〇〇部って古代の職能部民(専門的なことに従事するグループ)の呼称だったみたいで、服部とか日下部とかもその1つ。草部は初耳だった。草部が古代の呼称からきているとは限らないけれど、高石からここまでやって来た感じで、古代の部民関係じゃなかという気がした。
後で知ったことには、草部には日部神社(式内社)があるのだって。今ではくさべと読むけれど、元々の読みは「ひのへ」とか「くさかべ」。
「くさかべ」が「くさべ」になって、それに「草部」の字が当てられて地名になったのかな?
日部神社の祭神は日下部氏の祖、彦坐王、他だって。本居宣長によると、神武天皇が大敗したナガスネヒコとの最初の戦いの場となった「日下の盾津」はここらしい。一般的には東大阪の盾津だといわれているけれど。
神武天皇はオオクニヌシに葦原中国を譲られたアマテラスの孫、ニニギの子孫で、河内や大和に進出してきて初代天皇となった人。初め九州にいたけれど瀬戸内海を通って東征してきて白肩津(河内街道を散歩していると、箕輪近くにあった)に上陸、孔舎衛(草江)坂でナガスネヒコと戦い、草香津(盾津)に退却。一般的にはすべて東大阪の日下一帯といわれている。まあ、わたしも東大阪の話だろうと思う。
彦坐王は第9代開化天皇の第3皇子だって。母は後にワニ氏を輩出する一族の人。
奥さんの一人にサホ某がいて、その人が生んだのがサホヒコ、サホヒメだって。
サホヒコ、サホヒメの話は、天湯川田神社でだったか、知っていた。サホヒメは11代垂仁天皇の奥さんになったのだけれど、天皇への反逆を兄のサホヒコと画策。失敗に終わって火を放ち、二人そろって自害した。その時、妊娠中だったサホヒメが産んだ子は炎の中から助け出された。それがホムツワケ。
ホムツワケは大きくなっても言葉を発することがなかった。けれど白鳥を見て初めてしゃべり、心配していた父の垂仁天皇は喜んで、その白鳥を捕らえてくるように天湯川田ナに命じた。そして捕らえてきた天湯川田ナに捕鳥(鳥取)の名を与えた。そんな話だった。

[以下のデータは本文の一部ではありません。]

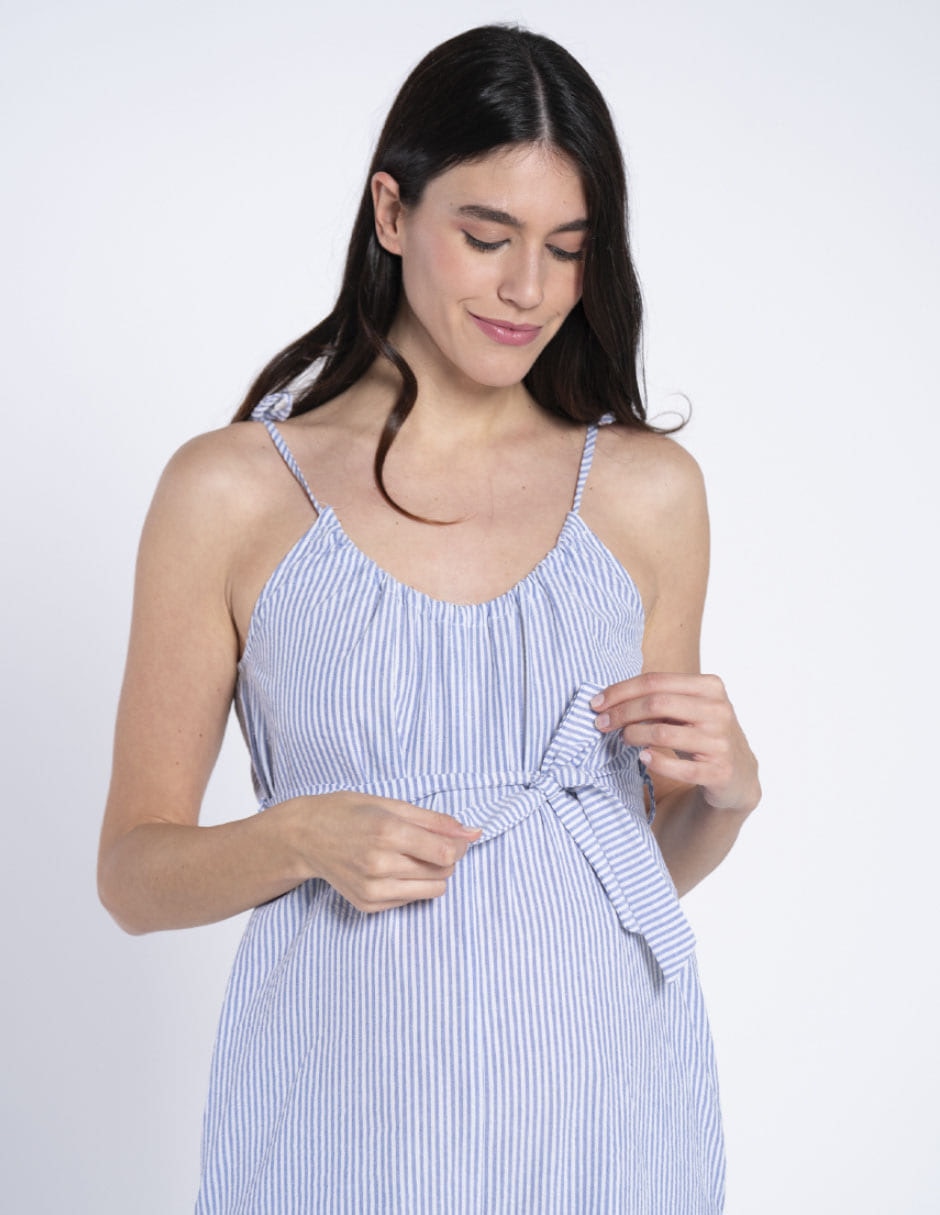 Jumpsuit maternidad casual estampado a rayas 2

そのサホヒコの子孫が日下部氏らしい。祭神として反逆者のサホヒコではちょっと聞こえが悪いから、その父の彦坐王にしたのかな。
仁徳天皇の娘に草香某さんがいて、日下部(草香部)はその姫の世話係(世話する人たちや警護する人たち、所有する土地を耕す人たちなど)だったのではないかと言われているみたい。前に知った刑部さんが允恭天皇の皇后の忍坂某さんの世話係だったと言われているのと同じね。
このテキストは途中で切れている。